Wednesday, May 17, 2006

Ill winds buffet Carnival cruises

 
By Amy Yee in New York
Updated: 1:41 a.m. ET May 17, 2006
Carnival, the world's largest cruise operator, on Tuesday cut its earnings outlook for the year on lower bookings for Caribbean voyages, soaring fuel costs and an accounting change.
 
Lingering fears of hurricanes in the wake of Hurricane Katrina has deterred consumers from booking Caribbean cruises that depart from Florida and other ports vulnerable to storms.
"We underestimated the psychological effect that hurricanes had on the mindsets . . . of people taking cruise vacations," the company said.

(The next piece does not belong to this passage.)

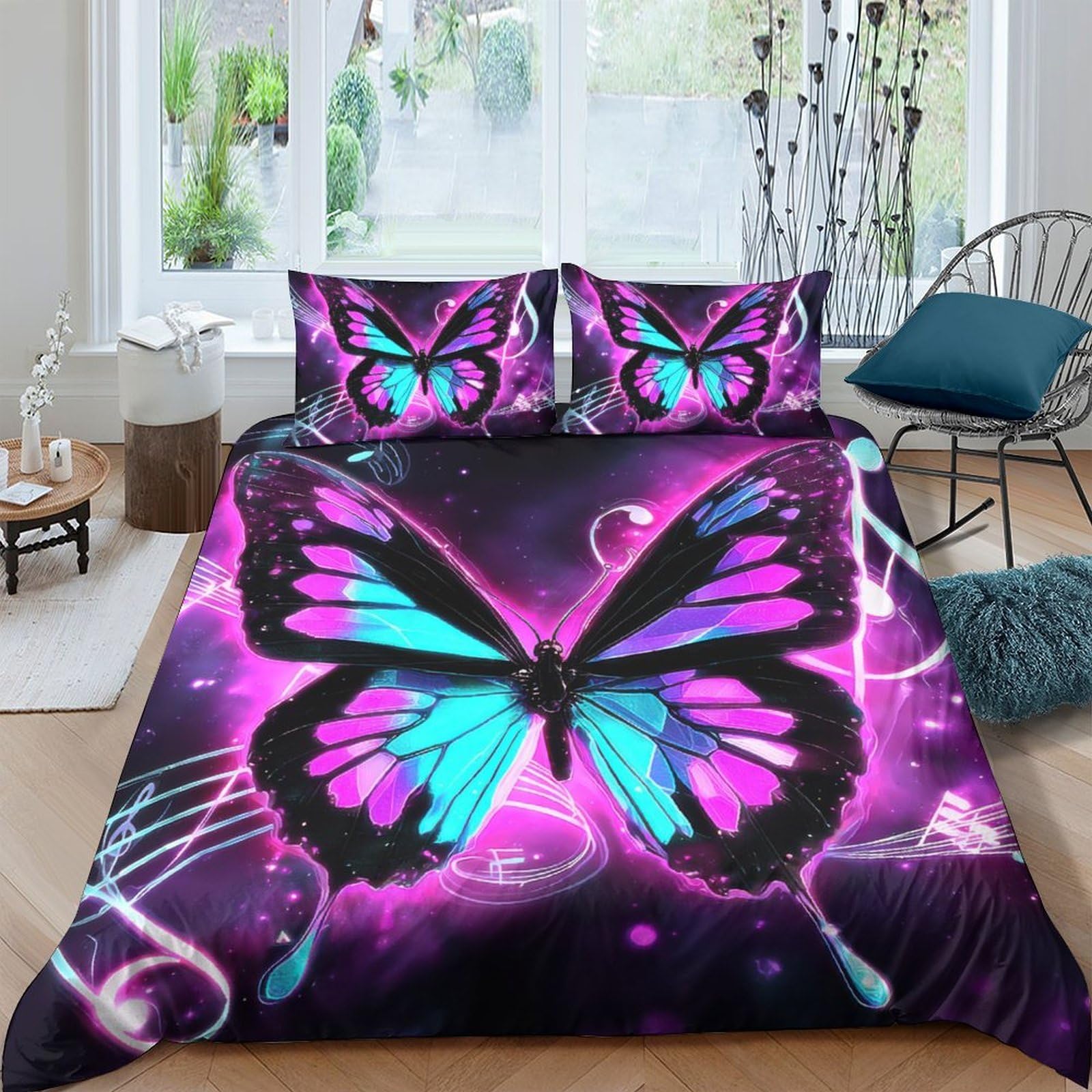 Ctjqhvkz Style-3 3D Printed Purple Butterfly Fitted Sheet Microfiber Soft Bedroom Decor Blue Artistic Mattress Cover Single（135X200cm）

Shares in Carnival plunged 8.5 per cent to end Tuesday's session at $42.60.
The company, with brands that include Princess and Cunard of Queen Mary fame, on Tuesday forecast earnings for fiscal 2006 in the range of $2.65 to $2.75 per share, down from average analysts' estimates of $2.93 per share.
The company lowered its earnings forecasts in March after reporting a 19 per cent drop in first quarter profit.
Advance bookings from North America, the cruise industry's core market, have slowed for this year's third and fourth quarters. Third-quarter occupancy is down 6.2 percentage points for Caribbean cruises compared with last year, but up 3.6 points for European cruises.
Although the cruise industry is stringently conserving fuel, soaring energy costs continue to hurt profits. The cumulative impact of higher fuel prices for 2006 is expected to be $265m.
Carnival was also hit by an accounting change related to ship building and renovation costs, reducing full-year earnings per share by about 8 cents.
However, Micky Arison, chief executive, said that industry fundamentals "remain sound".
On Royal Caribbean's new ship, Freedom of the Seas, which made its debut last week as the world's largest cruise liner, he said: "If Freedom gets half the PR that Queen Mary got, it will be positive for the industry."
Carnival's guidance revision marks the latest headwind for the cruise industry, marring unexpected buoyancy after 9/11.
But the industry has recently been at the centre of negative publicity following a fire aboard a Princess ship; a car crash during a celebrity cruise day trip; a pirate attack on luxury liner Seabourn near Somalia; and a probe into a honeymooner's disappearance from a Royal Caribbean ship.
A US Congressional panel heard testimony about shipboard security and safety in December and demanded statistics for crimes on cruises.